The US Department of Energy’s Advanced Research Projects Agency — ARPA-E — is funding research by 10 organizations with one common goal — creating long term energy storage systems that cost $0.05 per kilowatt hour or less. Five of the projects are scheduled for completion in 2020 and the rest in 2o21. After they are complete. ARPA-E plans to fund small scale field trials to determine which are commercially viable. According to PV Magazine, the research falls into several general categories.

Sulfur Flow Batteries
A startup based in Somerville, Massachusetts, Form Energy is staffed by people with previous experience at Tesla, Aquion, and A123. It is working on sulfur flow batteries it says will permit “full-week backup capability at a factor of 10 times or greater cheaper” according to co-founder Marco Ferrara. Sulfur flow batteries have the lowest chemical cost of all rechargeable batteries but suffer from low efficiency. Form Energy is working on new anode and cathode formulations, membranes, and physical system designs to increase efficiency

United Technologies is partnering with Lawrence Berkeley National Laboratory, MIT, and Pennsylvania State University to research sulfur and manganese flow batteries. The objective is to “overcome challenges of system control and unwanted crossover of active materials through the membrane.”

Electricity to hydrogen
As renewables become more common, there will be instances when the supply of electricity exceeds demand. What to do with the excess? One solution is to use it to break water into into its component parts — hydrogen and oxygen.

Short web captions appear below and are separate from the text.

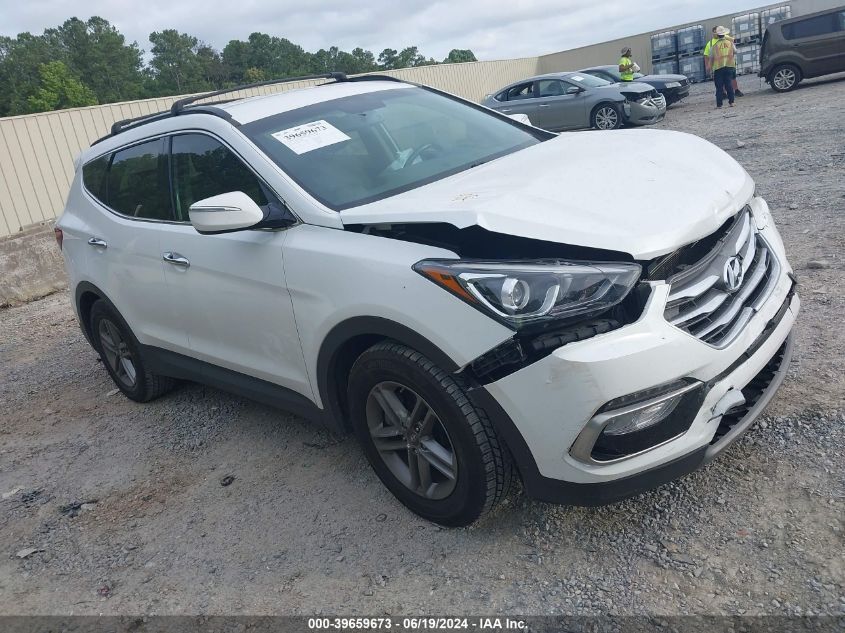 2018 Hyundai Santa Fe Sport VIN: 5XYZU3LB8JG543523 Lot: 39659673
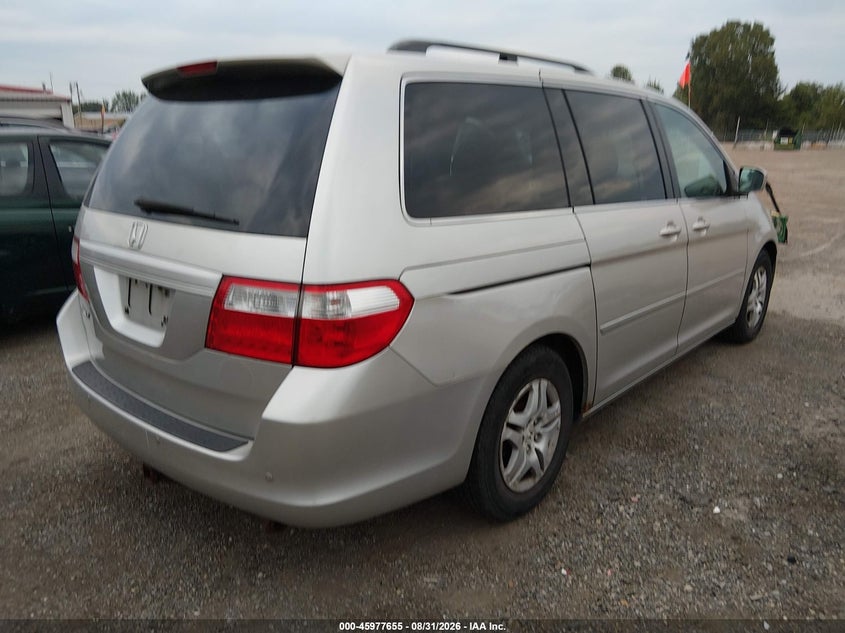 2007 HONDA ODYSSEY auction photo 4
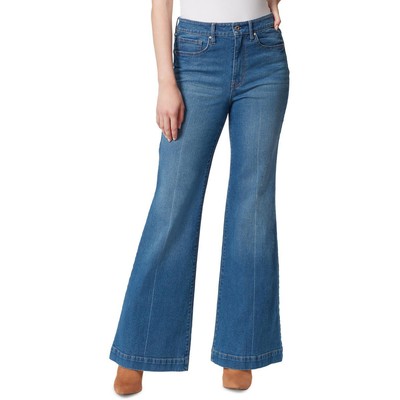 Женские джинсы Jessica Simpson True Love синего цвета с широкими штанинами 25 BHFO 4264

The hydrogen produced can be used later to make electricity in fuel cells but converting energy back and forth from one form to another is not always very efficient.

A team at the University of Tennessee, Knoxville is working to improve that efficiency by creating an advanced regenerative fuel cell — a single device that functions as both a fuel cell and an electrolyzer. The device the team is working on will convert hydrogen and oxygen to hydrogen peroxide instead of water. “The benefit of using peroxide instead of water is higher efficiency in both charging and discharging the system,” ARPA-E says.

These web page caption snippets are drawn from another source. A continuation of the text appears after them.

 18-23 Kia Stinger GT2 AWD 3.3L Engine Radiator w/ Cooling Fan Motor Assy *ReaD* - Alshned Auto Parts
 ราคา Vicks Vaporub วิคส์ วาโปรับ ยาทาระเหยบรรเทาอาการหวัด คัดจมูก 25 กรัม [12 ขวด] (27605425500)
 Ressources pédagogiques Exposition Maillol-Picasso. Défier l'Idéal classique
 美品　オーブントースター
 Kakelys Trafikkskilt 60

Zinc-bromine flow batteries
Primus Power already makes zinc bromide flow batteries. With help from ARPA-E, it aims to “eliminate the need for a separator to keep the reactants apart when charged,” by “taking advantage of the way zinc and bromine behave in the cell.” The new configuration is expected to allow all the electrolyte to be stored in a single tank instead of multiple cells, thus reducing the amount of hardware needed to complete a system, which will lower costs.